Kevin Champlin

What it cannot

Watch what it cannot.

The other half of the story. Hallucination, brittle reasoning, sycophancy, calibration gaps. Documented honestly, with the same receipts as the wins.

demos3 total cost$0.06 total tokens246 verdictsfail / partial

brittle-reasoning-under-prompt-pressure

The cognitive reflection trap

FAIL
Prompt 36 input tokens

A bat and a ball cost $1.10 in total. The bat costs $1.00 more than the ball. How much does the ball cost? Just give the number, no explanation.

Output 6 output tokens · claude-haiku-4-5

$0.10.

Demonstrates

The Cognitive Reflection Test trap.
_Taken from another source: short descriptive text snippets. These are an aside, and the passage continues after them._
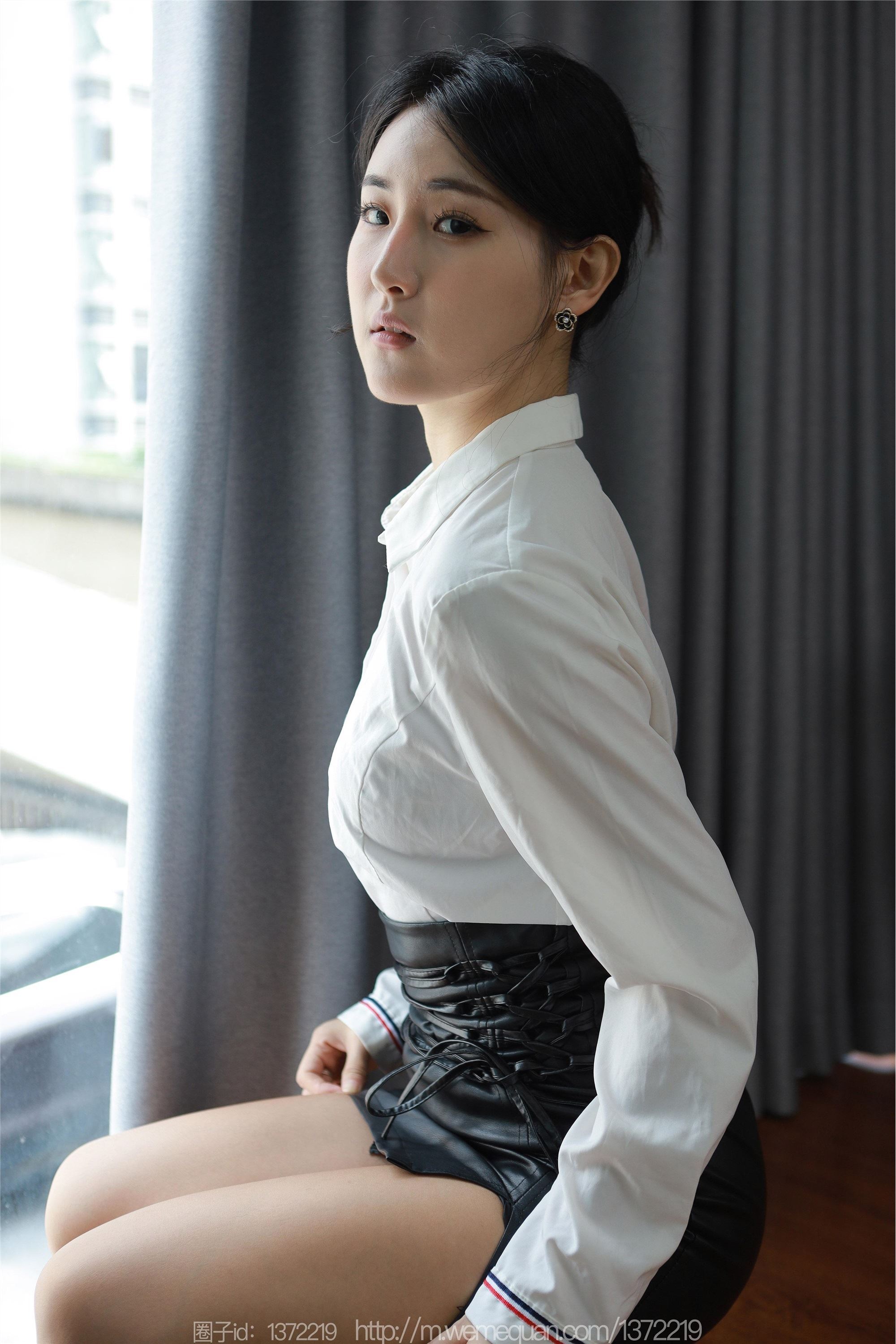 图片[3]-IESS异思趣向期期2023.10.01期丝享家期1547期小宝《不开灯的房间》-秀人网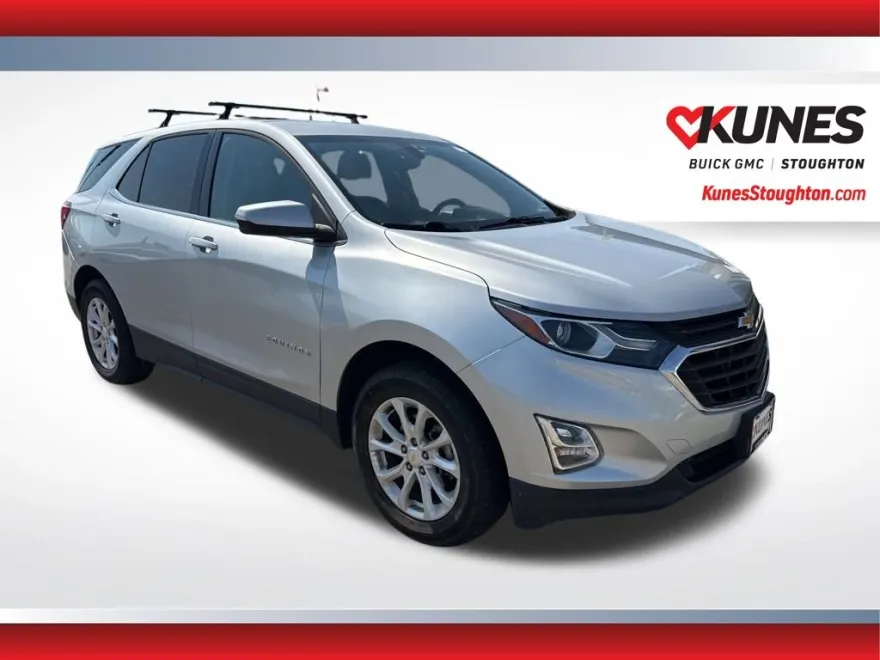 2018 Chevrolet Equinox LT photo 1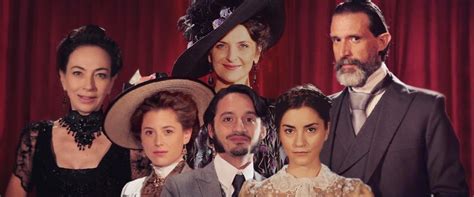 Además de su experiencia en teatro, ha incursionado en cine y televisión. teleseries chilenas: CINCO FAMILIAS DE TELESERIES QUE SE ...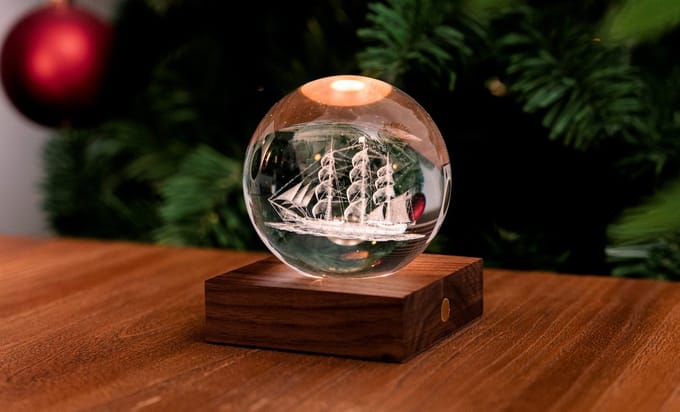 Gingko - Amber Crystal Ball Night Light - Sailing Boat - Zeilboot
The intuitive answer is $0.10; the correct answer is $0.05 (because $1.05 + $0.05 = $1.10, and $1.05 is exactly $1.00 more than $0.05). When the prompt suppresses chain-of-thought ("no explanation"), the model loses the scaffold that would have caught the error. It answers fast, and answers wrong.

Does not prove

That the model cannot reason about this. With "think step by step" or "show your work," the same model gets $0.05 nearly always. The lesson is about how prompt framing controls reasoning quality, not about the model being permanently broken.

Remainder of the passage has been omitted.